La sveglia è d’obbligo quando stai cercando di raggiungere un paese lontano e poco frequentato, e l’unico treno parte alle nove di mattina, così alle sette si accende il televisore in camera e un’aria di Mozart mi viene a soffiare lieve nell’orecchio, sussurrandomi “Soll ich dich, Teurer, nicht mehr sehn?”. “Vaffanculo” gli rispondo io, ma ha ragione, devo alzarmi o resterò bloccato a Zagabria tutto il giorno, con tutti i posti peggiori dove rimanere piantati sarebbe disagio sprecato.

Scendo a fare colazione e ritrovo il mio nuovo amico della reception, Zagor.
Mi ha accolto all’arrivo, e mentre sbrigava le formalità con piglio poco professionale, come quando capisci di potertelo permettere, che il cliente ti fa simpatia, io gli fissavo il cartellino col nome, e mi ripetevo noncipossocredere noncipossocredere.

Sfatiamo subito il mito: lo Spirito Con La Scure non è alto, moro e muscoloso, è un quarantenne pelato e sovrappeso, con un paio di baffetti e occhiali dalle lenti rotonde. Una specie di Cico, insomma. In italiano sa dire solo grazie e ciao, ma con l’inglese se la cava abbastanza bene. Però è vero che è molto cordiale e se può cerca di risolverti i casini.

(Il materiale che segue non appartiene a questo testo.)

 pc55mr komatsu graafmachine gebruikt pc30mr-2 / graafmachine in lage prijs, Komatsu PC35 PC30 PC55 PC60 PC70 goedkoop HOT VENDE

Prima di salire in camera gli ho chiesto dove potevo andare a cena, e mi ha indicato qualche posto, poi ha capito che non avevo capito e si è offerto di accompagnarmi, che tanto smontava entro un’ora. E ti pare che rinuncio ad andare a cena con un eroe dei fumetti? Sono andato a farmi la doccia e ridacchiavo pensando che se tanto mi dà tanto prima di tornare in Italia incontro Batman.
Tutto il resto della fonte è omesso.